Some thirty minutes after the Devils defeated the rival Rangers in Game 6 of the Eastern Conference finals, Martin Brodeur faced one last question regarding the iconic 1994 playoffs.
Did this series win purge the only professional home he has ever known of the ghosts of Mark Messier and Stephane Matteau?
“I think we’ve won three Stanley Cups since then,” Brodeur said. “But I think winning against them on the big stage, not just for me, but I think for the fans of New Jersey — the people that are supporting us and always taking a second seat to these guys for whatever reason — now they’ve got to be pretty happy.”
The Devils enter tonight’s Game 1 of the Stanley Cup finals on an emotional high after vanquishing their despised rival from Manhattan. There is an acknowledged satisfaction in earning eternal bragging rights following a regular and postseason series that was marked by a dozen fights and two screaming matches between the coaches.

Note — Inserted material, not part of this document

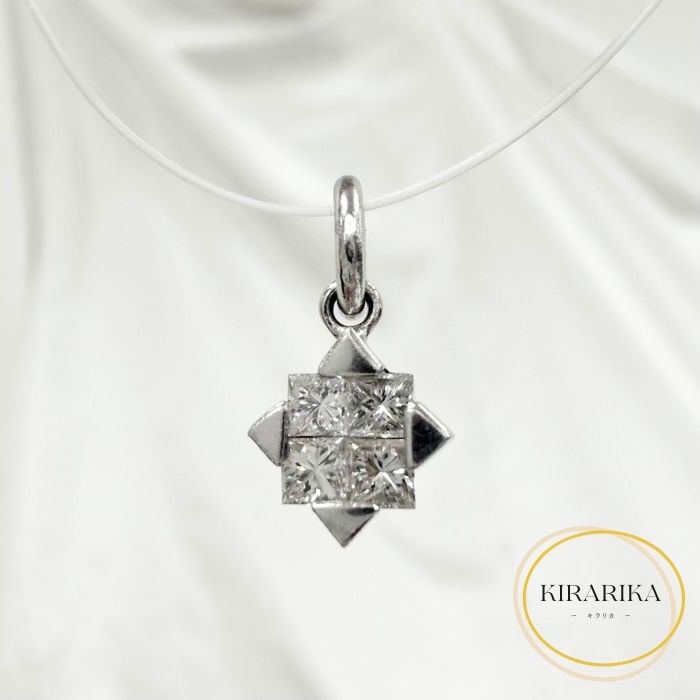 【中古】Pt900 ダイヤモンド0.35ct トップ|KIRARIKA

Leave it to the man who has played in all six playoff series to revel in the vanquishing of the Devils’ despised foe.
“This is a lot more fun,” Brodeur said when asked to compare the 2012 Eastern Conference finals win to the sweep in the 2006 Eastern Conference quarterfinals. “This is to go to the big dance; go to what we do all year. When you’re a kid, you’re dreaming to have a chance to win the Stanley Cup. So for us, winning today, gives us the opportunity to compete for it.
“Along the way, we beat a big rival that — especially for me, 18 years ago — everybody’s been talking about it,” Brodeur continued. “So now it’s 1-1 [in Eastern Conference finals].”
While the Rangers have made a living off that nearly two-decades old series win, the Devils have simply succeeded. — 15 playoff berths in 17 years, three Cups and four Cup finals appearances.
Brodeur has been there for every celebrated moment. No goaltender in NHL history has played more minutes (70029), played in more games (1,191) won more games (656), made more saves (27,312), or has more regular season (119) or playoff shutouts (24).
“He’s very impressive. He’s an impressive guy,” Devils coach Peter DeBoer said last week. “He’s a calming influence on our team and in our dressing room. That’s why he’s the best of all-time.”